Hon Julie Anne Genter has announced funding for a nationwide cycleways package that includes support for the five Towns Trail. This is is a significant project that will eventually connect Martinborough, Featherston, Greytown, Carterton and Masterton to the Remutaka Cycle Trail and other Wellington Regional Trails.
The first priority is the Tauherenikau Bridge section – 11.5km of picturesque trail with a 150m long, 17m high suspension bridge over the Tauherenikau River.
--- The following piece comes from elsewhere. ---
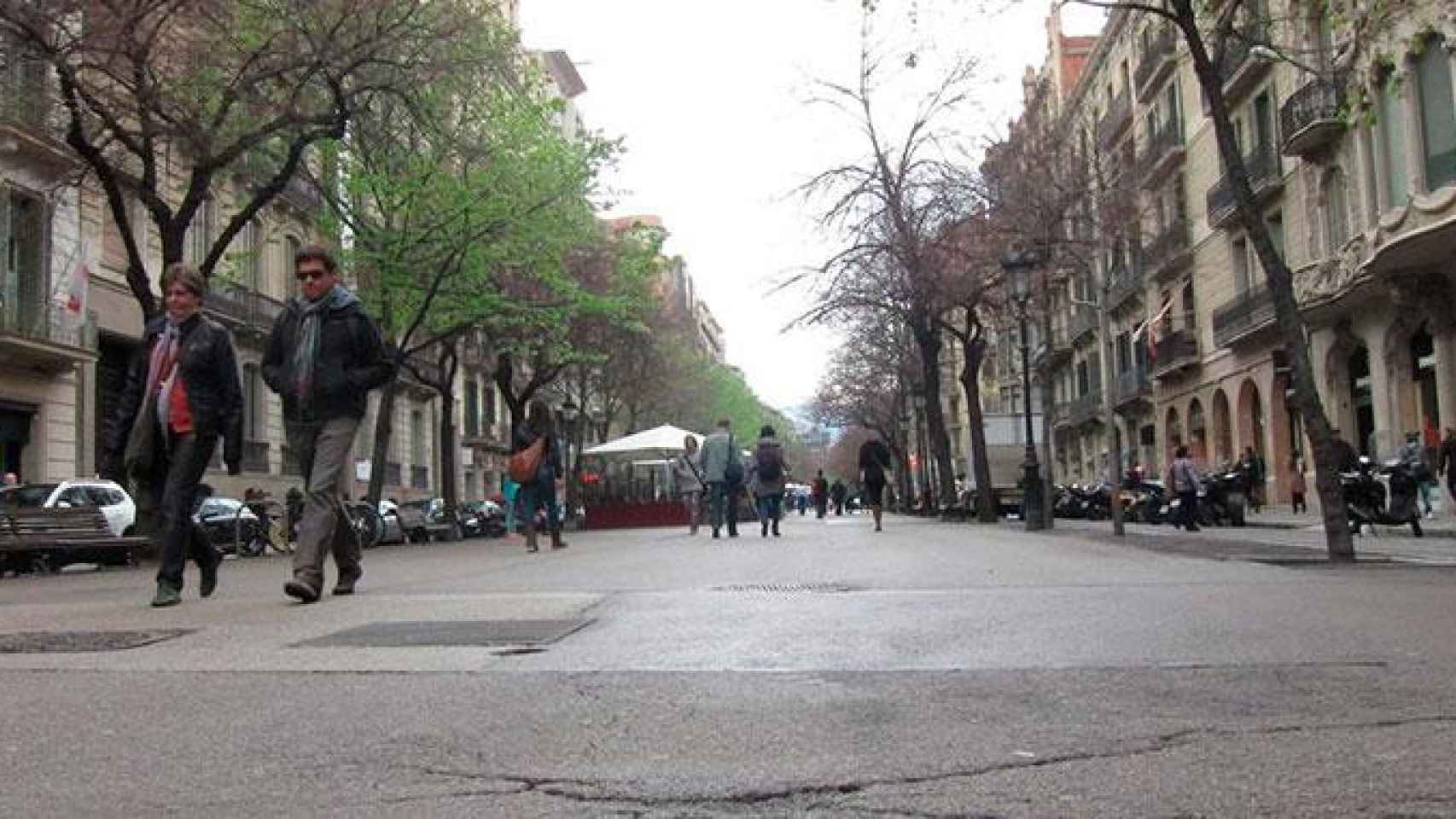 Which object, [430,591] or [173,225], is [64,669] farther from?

When complete, the Tauherenikau Bridge will be one of the longest suspension bridges in New Zealand.
“This cycle trail will help attract more visitors over to the Wairarapa and will provide locals a fun way to get out and explore their own back yard,” Julie Anne Genter said.
The other project is in the Eastern Bays of Wellington. “The Eastern Bays Shared Path and Five Towns Trail will provide safe protected walking and cycling routes, meaning more riders will have the freedom to bike around Wairarapa, Hutt City, and into Wellington on their own steam”. The Eastern Bays Shared Path will provide a safe walk and cycleway along Marine Drive, and will connect the Bays to the Remutaka Cycle Trail and Te Aranui o Pōneke – the Great Harbour Way.
These two cycleways are part of a $220 million shovel-ready cycleways package, which is likely to create more than 1,000 jobs in sustainable transport infrastructure.
Funding of $16 million for both projects has been provided from the Government’s $50 billion COVID Response and Recovery Fund set out in Budget 2020, which earmarked $3 billion for infrastructure projects.
The Greytown Trails Trust stalwarts who have guided the development of this project, Shane Atkinson, Bruce Cole and Bob Tosswill have indicated that as soon as resource consent approval is gained, construction will get under way, with the trail up and functioning towards the end of next year.
The Featherston-Greytown trail will have a different focus than the Greytown Rail Trail, complementing the colonial history through the involvement of iwi members from both areas, and reflecting aspects of Te Ao Maori.
The hardworking group who have developed and tirelessly maintained the existing section of rail-trail, grubbing weeds, spreading lime and selling sausages whilst planning for the expansion of a network of trails throughout the entire valley, will be delighted to see this development.
We have a public meeting planned for 7:30pm meeting start on Wednesday 23rd September 2020 at the Greytown Town Hall, at which we will have more information about these developments. All welcome.